WHAT THE EXERCISE ASKS: Every line from the line containing "801 Devon Avenue" through the final line below is to be repeated exactly; no other line is.
§ §
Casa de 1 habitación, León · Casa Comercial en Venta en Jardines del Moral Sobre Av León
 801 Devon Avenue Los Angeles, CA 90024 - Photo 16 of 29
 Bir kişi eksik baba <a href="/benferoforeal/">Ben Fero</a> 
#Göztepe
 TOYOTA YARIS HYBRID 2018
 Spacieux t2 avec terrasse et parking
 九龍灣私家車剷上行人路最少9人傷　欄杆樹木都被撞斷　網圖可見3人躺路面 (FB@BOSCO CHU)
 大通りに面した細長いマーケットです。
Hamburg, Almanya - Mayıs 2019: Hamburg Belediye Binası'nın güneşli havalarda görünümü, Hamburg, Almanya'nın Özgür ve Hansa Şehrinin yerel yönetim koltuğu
§ §
RESPONSE TO THE EXERCISE:
 801 Devon Avenue Los Angeles, CA 90024 - Photo 16 of 29
 Bir kişi eksik baba <a href="/benferoforeal/">Ben Fero</a> 
#Göztepe
 TOYOTA YARIS HYBRID 2018
 Spacieux t2 avec terrasse et parking
 九龍灣私家車剷上行人路最少9人傷　欄杆樹木都被撞斷　網圖可見3人躺路面 (FB@BOSCO CHU)
 大通りに面した細長いマーケットです。
Hamburg, Almanya - Mayıs 2019: Hamburg Belediye Binası'nın güneşli havalarda görünümü, Hamburg, Almanya'nın Özgür ve Hansa Şehrinin yerel yönetim koltuğu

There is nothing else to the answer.